Instructions for the task:
Each entry below needs to be reproduced exactly as given.

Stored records
# # #

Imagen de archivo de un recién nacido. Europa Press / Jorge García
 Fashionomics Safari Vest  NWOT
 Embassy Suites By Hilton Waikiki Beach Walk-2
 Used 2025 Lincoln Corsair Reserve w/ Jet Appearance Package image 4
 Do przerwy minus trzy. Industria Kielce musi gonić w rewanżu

# # #

Answer to this problem:
Imagen de archivo de un recién nacido. Europa Press / Jorge García
 Fashionomics Safari Vest  NWOT
 Embassy Suites By Hilton Waikiki Beach Walk-2
 Used 2025 Lincoln Corsair Reserve w/ Jet Appearance Package image 4
 Do przerwy minus trzy. Industria Kielce musi gonić w rewanżu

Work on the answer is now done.